= THE TASK =
Your answer must be every record below, written out exactly as it appears.

= SOURCE RECORDS =

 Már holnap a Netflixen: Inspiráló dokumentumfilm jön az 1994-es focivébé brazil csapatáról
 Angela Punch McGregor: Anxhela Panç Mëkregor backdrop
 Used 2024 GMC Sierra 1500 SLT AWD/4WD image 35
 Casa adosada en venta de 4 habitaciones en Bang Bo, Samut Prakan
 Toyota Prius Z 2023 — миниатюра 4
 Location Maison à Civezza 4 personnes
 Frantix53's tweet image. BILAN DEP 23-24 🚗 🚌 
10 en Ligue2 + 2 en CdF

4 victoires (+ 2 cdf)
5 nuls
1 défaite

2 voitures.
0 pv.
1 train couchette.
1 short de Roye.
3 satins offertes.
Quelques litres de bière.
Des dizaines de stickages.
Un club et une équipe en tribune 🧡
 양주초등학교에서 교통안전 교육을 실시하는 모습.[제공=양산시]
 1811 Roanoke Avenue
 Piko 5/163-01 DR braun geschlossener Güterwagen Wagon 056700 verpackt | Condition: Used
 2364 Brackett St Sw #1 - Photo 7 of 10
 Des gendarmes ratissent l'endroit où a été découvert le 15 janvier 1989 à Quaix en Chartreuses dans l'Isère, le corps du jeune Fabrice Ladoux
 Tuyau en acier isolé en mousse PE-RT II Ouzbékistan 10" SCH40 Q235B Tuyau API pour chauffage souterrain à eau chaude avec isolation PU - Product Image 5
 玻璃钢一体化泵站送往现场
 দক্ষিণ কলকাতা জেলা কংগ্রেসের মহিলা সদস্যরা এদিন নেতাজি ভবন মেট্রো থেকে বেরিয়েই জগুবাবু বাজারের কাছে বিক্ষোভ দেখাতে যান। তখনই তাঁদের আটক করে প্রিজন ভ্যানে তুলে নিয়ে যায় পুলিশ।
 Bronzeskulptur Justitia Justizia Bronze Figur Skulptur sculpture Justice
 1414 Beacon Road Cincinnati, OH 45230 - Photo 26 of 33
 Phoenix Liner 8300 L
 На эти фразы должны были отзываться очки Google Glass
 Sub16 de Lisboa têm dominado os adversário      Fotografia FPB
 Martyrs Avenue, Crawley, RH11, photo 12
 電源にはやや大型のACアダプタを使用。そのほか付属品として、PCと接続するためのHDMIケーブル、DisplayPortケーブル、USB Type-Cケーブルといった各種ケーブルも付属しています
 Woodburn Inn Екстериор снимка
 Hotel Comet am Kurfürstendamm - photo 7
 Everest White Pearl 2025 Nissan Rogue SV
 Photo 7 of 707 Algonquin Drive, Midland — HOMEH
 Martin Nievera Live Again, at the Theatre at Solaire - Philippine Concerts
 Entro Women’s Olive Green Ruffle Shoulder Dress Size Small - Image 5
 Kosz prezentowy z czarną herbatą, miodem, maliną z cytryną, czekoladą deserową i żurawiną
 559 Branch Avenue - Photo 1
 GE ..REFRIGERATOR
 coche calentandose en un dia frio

= OUTPUT FOR THIS TASK =
 Már holnap a Netflixen: Inspiráló dokumentumfilm jön az 1994-es focivébé brazil csapatáról
 Angela Punch McGregor: Anxhela Panç Mëkregor backdrop
 Used 2024 GMC Sierra 1500 SLT AWD/4WD image 35
 Casa adosada en venta de 4 habitaciones en Bang Bo, Samut Prakan
 Toyota Prius Z 2023 — миниатюра 4
 Location Maison à Civezza 4 personnes
 Frantix53's tweet image. BILAN DEP 23-24 🚗 🚌 
10 en Ligue2 + 2 en CdF

4 victoires (+ 2 cdf)
5 nuls
1 défaite

2 voitures.
0 pv.
1 train couchette.
1 short de Roye.
3 satins offertes.
Quelques litres de bière.
Des dizaines de stickages.
Un club et une équipe en tribune 🧡
 양주초등학교에서 교통안전 교육을 실시하는 모습.[제공=양산시]
 1811 Roanoke Avenue
 Piko 5/163-01 DR braun geschlossener Güterwagen Wagon 056700 verpackt | Condition: Used
 2364 Brackett St Sw #1 - Photo 7 of 10
 Des gendarmes ratissent l'endroit où a été découvert le 15 janvier 1989 à Quaix en Chartreuses dans l'Isère, le corps du jeune Fabrice Ladoux
 Tuyau en acier isolé en mousse PE-RT II Ouzbékistan 10" SCH40 Q235B Tuyau API pour chauffage souterrain à eau chaude avec isolation PU - Product Image 5
 玻璃钢一体化泵站送往现场
 দক্ষিণ কলকাতা জেলা কংগ্রেসের মহিলা সদস্যরা এদিন নেতাজি ভবন মেট্রো থেকে বেরিয়েই জগুবাবু বাজারের কাছে বিক্ষোভ দেখাতে যান। তখনই তাঁদের আটক করে প্রিজন ভ্যানে তুলে নিয়ে যায় পুলিশ।
 Bronzeskulptur Justitia Justizia Bronze Figur Skulptur sculpture Justice
 1414 Beacon Road Cincinnati, OH 45230 - Photo 26 of 33
 Phoenix Liner 8300 L
 На эти фразы должны были отзываться очки Google Glass
 Sub16 de Lisboa têm dominado os adversário      Fotografia FPB
 Martyrs Avenue, Crawley, RH11, photo 12
 電源にはやや大型のACアダプタを使用。そのほか付属品として、PCと接続するためのHDMIケーブル、DisplayPortケーブル、USB Type-Cケーブルといった各種ケーブルも付属しています
 Woodburn Inn Екстериор снимка
 Hotel Comet am Kurfürstendamm - photo 7
 Everest White Pearl 2025 Nissan Rogue SV
 Photo 7 of 707 Algonquin Drive, Midland — HOMEH
 Martin Nievera Live Again, at the Theatre at Solaire - Philippine Concerts
 Entro Women’s Olive Green Ruffle Shoulder Dress Size Small - Image 5
 Kosz prezentowy z czarną herbatą, miodem, maliną z cytryną, czekoladą deserową i żurawiną
 559 Branch Avenue - Photo 1
 GE ..REFRIGERATOR
 coche calentandose en un dia frio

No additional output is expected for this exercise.